La cour d'appel de Paris a refusé mardi à Jean-Marie Villemin la réhabilitation, c'est-à-dire l'effacement de son casier judiciaire, qui sera automatique en 2008. Il a été condamné en 1993 à cinq ans de prison dont quatre ans ferme pour avoir tué le 29 mars 1985 le meurtrier présumé de son fils Grégory, Bernard Laroche.

La cour d'appel reproche dans ses attendus à Jean-Marie Villemin d'avoir écrit un livre sur l'affaire, ce qui selon les juges a contribué à une médiatisation "qui persiste et qui est de nature à raviver l'affliction des parties civiles".

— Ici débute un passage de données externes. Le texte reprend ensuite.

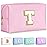 TOPEAST Dorm Room Essentials for Girls - Pink Initial Makeup Bag, College Essentials PU Leather Bag | Travel Car Essentials | Cute Stuff Birthday Gift for Friends Sister (Pink T)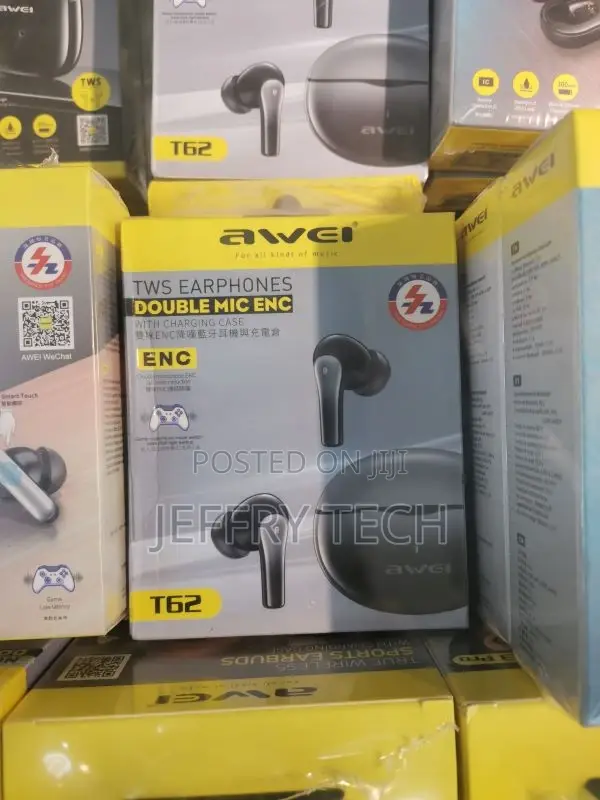 Awei T62 4 Mic ENC Earphones Bluetooth Earbuds TWS Wireless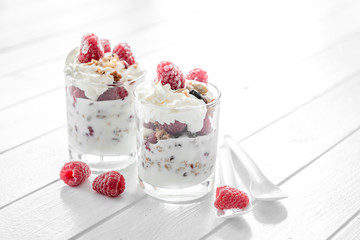Granola with yoghurt and raspberry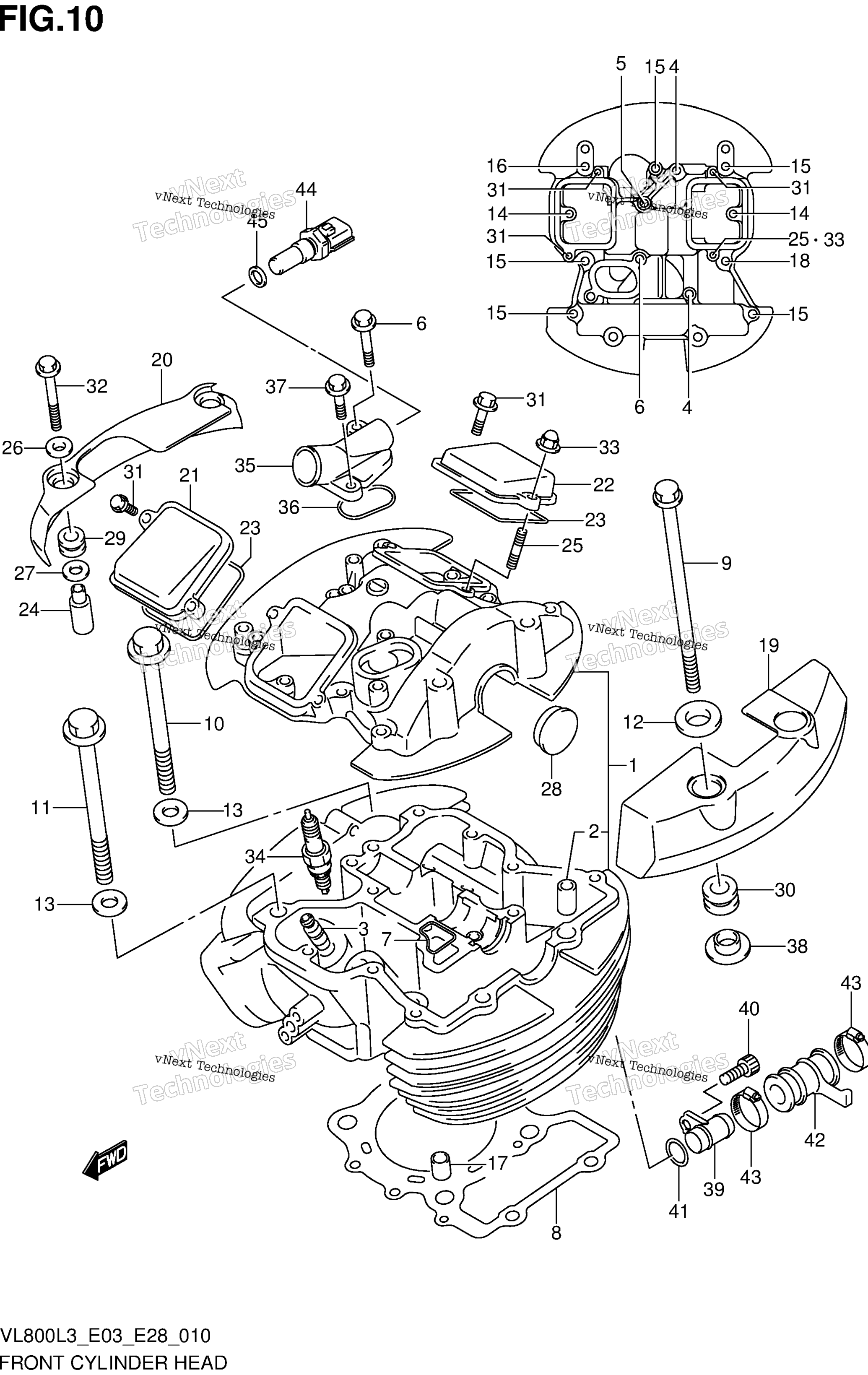 Передняя часть Cylinder Head (Vl800tl3 E33)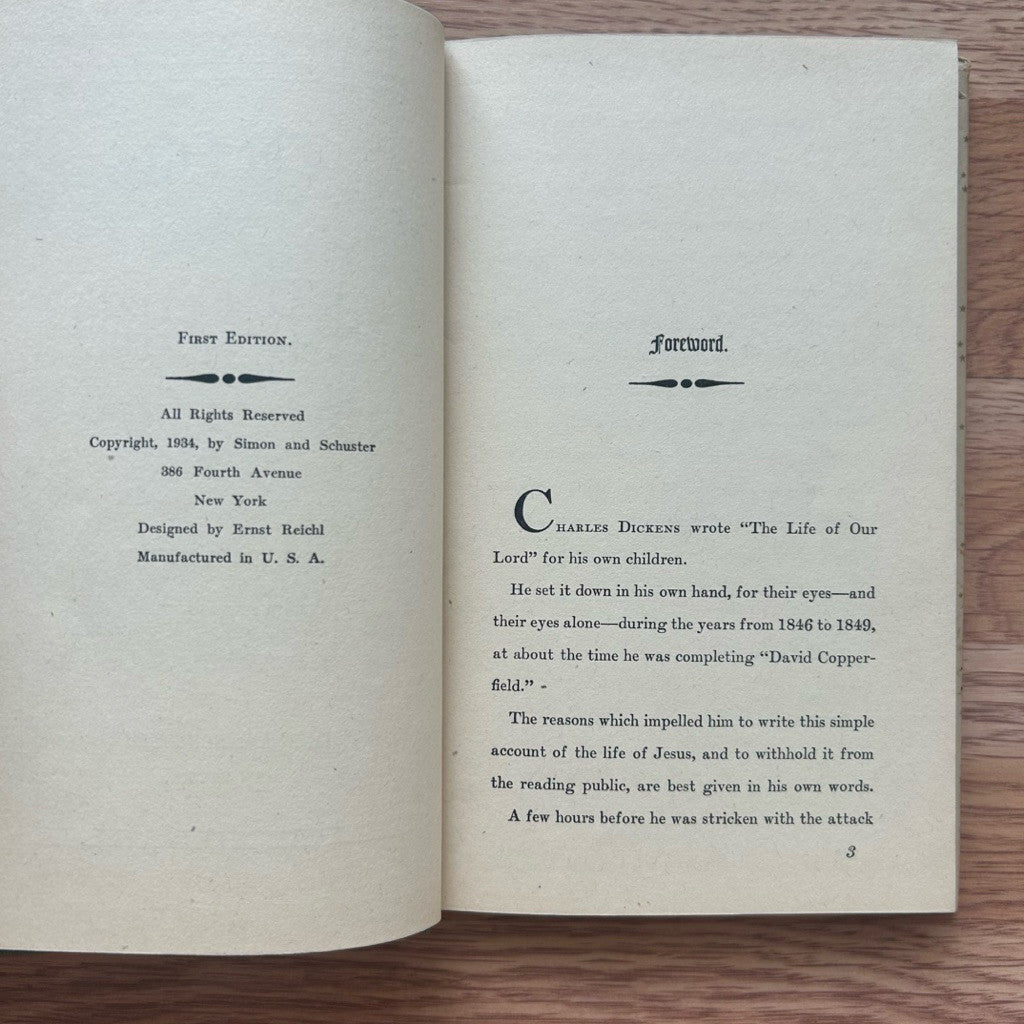 [1st Edition 1934] Hardcover The Life of Our Lord by Charles Dickens หนังสือ ภาษาอังกฤษ ปกแข็ง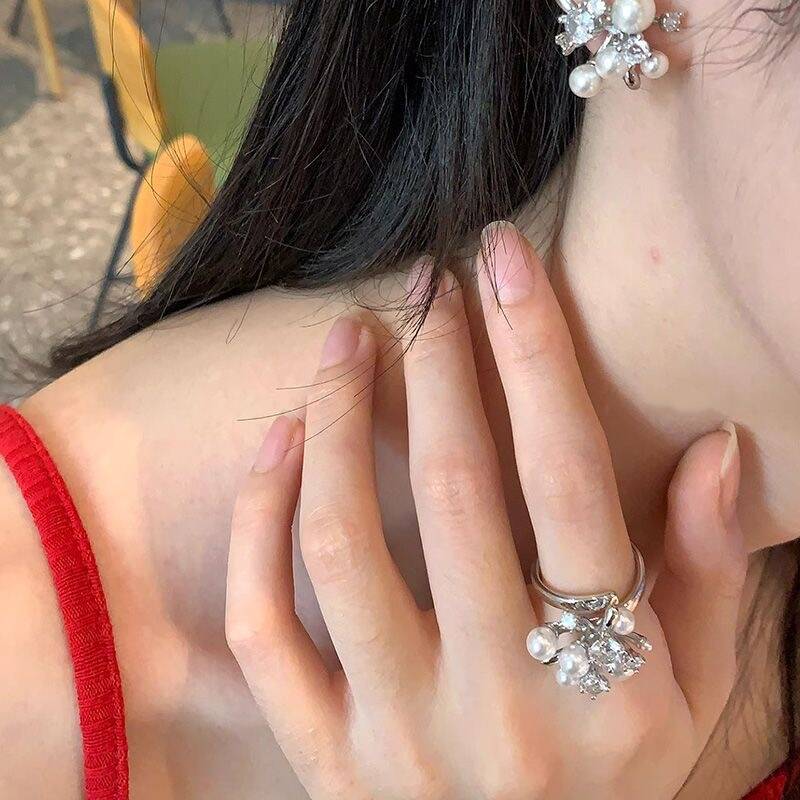 Pearl & Zircon Flower Ring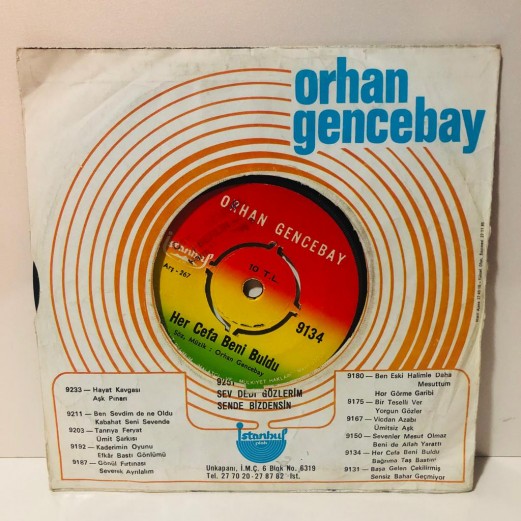 ORHAN GENCEBAY - HER CEFA BENİ BULDU - BAĞRIMA TAŞ BASTIM 45 LİK PLAK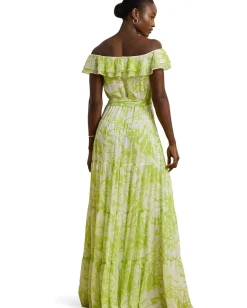 Women Lauren Ralph Lauren Floral Georgette Off-The-Shoulder Gown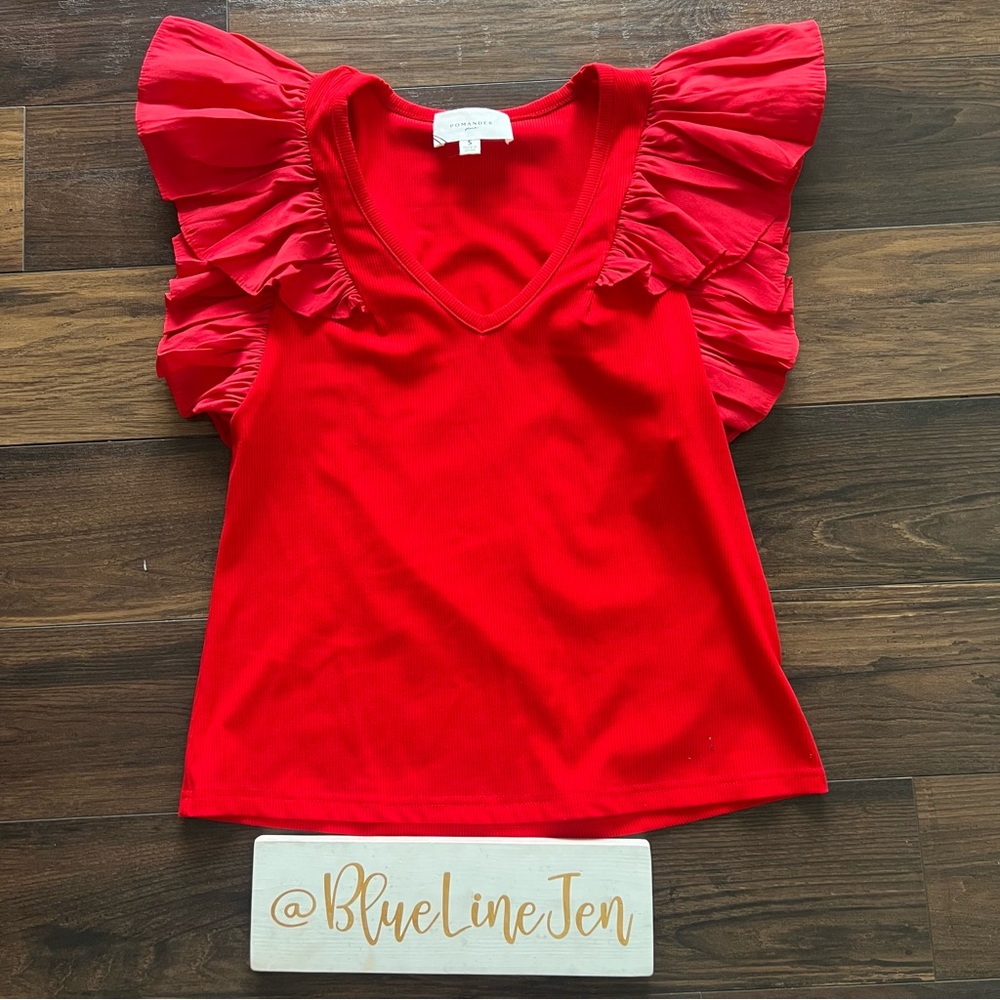 Tuckernuck Pomander Place Red Ribbed Top NWOT - Picture 2 of 7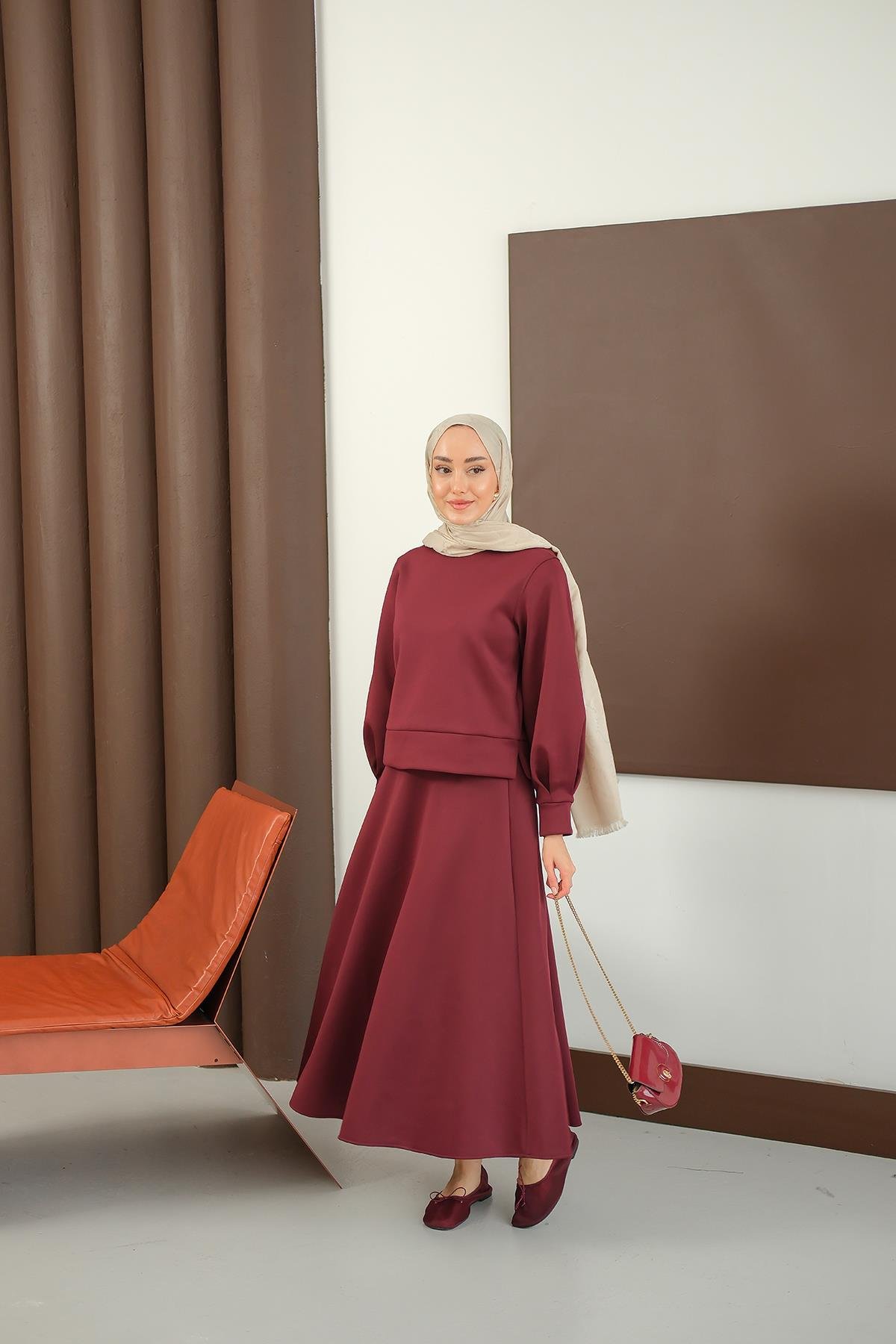 Bisiklet Yaka Scuba Takım Bordo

Grégory Villemin, âgé de quatre ans, avait été retrouvé mort, pieds et mains liés, le 16 octobre 1984 dans la Vologne, une rivière proche de son domicile de Lépange-sur-Vologne (Vosges).

Un juge d'instruction, Jean-Michel Lambert, avait d'abord inculpé Bernard Laroche, oncle de la victime, mis en cause par plusieurs éléments, ensuite annulés pour vice de procédure. Libéré, Bernard Laroche a été tué à coups de fusils par Jean-Marie Villemin.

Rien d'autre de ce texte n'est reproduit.